Well, there aren't many text adventures in Finnish. People tried to make them, but overall, there weren't that many, mostly because Finnish is an annoying language to parse computationally. (This game manages only because all relevant inflections of the object names are stored in the program.) The parser is also kind of surprising, because it knows a rather nice amount of different verbs - which are listed by the help command.

The game is pretty short - these days, it would be just about the right length for the annual Interactive Fiction Competitions. Personally, I'm far more in favor of short adventures than long adventures. Infocom fans probably find the length discomforting though.

I don't know exactly why I fell in love with the short, short descriptions of the areas surrounding the prison camp at the beginning. I liked the milieu, anyway - harder to say why.

The Bad

I don't mind the short length, but locations and such are also pretty shortly described. Well, it's a single-load game, as opposed to Infocom games that kept loading stuff off the disk - you can't fit a very verbose game in the memory.

Command parser isn't very complex, but, as noted before, that's sort of unavoidable. Also, as noted, there's a help command, but built-in help like that may make puzzles too easy, but luckily that's not always the case.
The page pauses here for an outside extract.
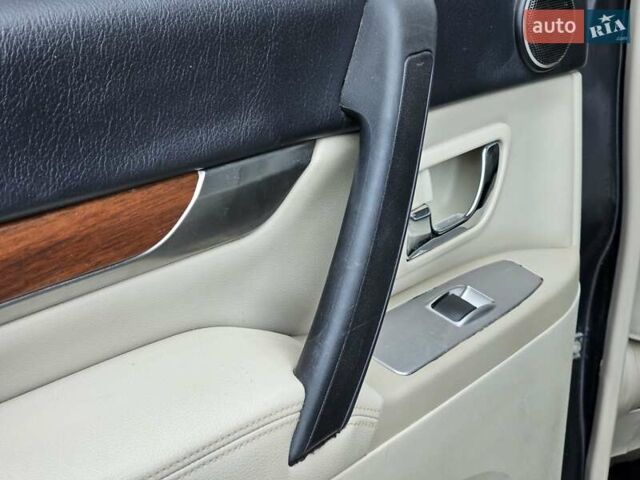 Сірий Міцубісі Паджеро, об'ємом двигуна 3 л та пробігом 187 тис. км за 11777 $, фото 41 на Automoto.ua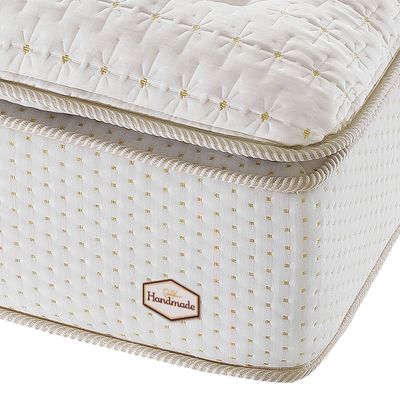 image-d9506b5d848a49368c8f150bb5bf7ed1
The text of the game is, shall we say, immature. There are quite annoying racial and other stereotypes, and game gives quite insulting replies when commands are not understood. It is not *hugely* racist or otherwise stupid, but it clearly shows that someone more grown up should have taken a look at the text first. As it is, it (along with the small-print physical appearance) makes it look like some Future Game-Maker's First Game. I sure hope these folks grew up, this game was nice enough. This also extends to the plot - the whole thing is pretty silly. "The Chinese seized Hong Kong? Well, let's blow the city to pieces then! Hooray!"

The Bottom Line

Once upon time, I was ordering some games from one biggish game store. I can't remember the exact time, but it was in the dusk of C64 era. I ordered some text adventures, like Zork 3 and Suspended... and then I noted one game on the list with a Finnish title. Since it wasn't too expensive, I ordered that - even though I had no idea what the game was.

It turned out to be a text adventure. The game is set in the distant, distant future year 1997, where China has seized the control of Hong Kong and found gold from under the city. Brits, annoyed by this, send an agent (you) to nuke the whole place.

There are small, quite simple and logical (!) puzzles, some pretty decent environments, and, well, it looks like a decent enough adventure to me.

This is an extremely small print run game. It's refreshing to see a game that was so lovingly crafted. The packaging, as seen in the scans, was mostly photocopied, and the floppy hand-labeled. The physical appearance of the game was pretty brutal and honest: "We just tried to get this game for market." The game itself has the quality that says "I made this game, it isn't great but it's mine and I like it, and I thought it was decent enough to be marketed". The author may not have produced the Greatest Game in the end, but damn it if they didn't fight honestly to get this game out. And I, as a gamer, am happy I got the game and played through, because honestly, I appreciate a honest effort to make a game no matter if it's difficult to do so, and got a chance to see some lone artist's work that otherwise could have been forgotten. It warmed my heart to see the game. It warmed my heart to see something that could have been big, glorious, and popular, if only there had been more people and more money and more everything... Ah, damn, I'd better quit before I get too lyrical.

I don't know of any other people who bought the game. I know the developers did produce other text adventures, and apparently sold a few of them too, but as far as I know, aside of the advertising I have not seen them mentioned anywhere.

I can't remember how long it took for me to play through the game, but that was not long. It is a short adventure, maybe the reason I started liking short adventures. Not the greatest work of interactive fiction ever written, but I think it was very cool anyway - for the time.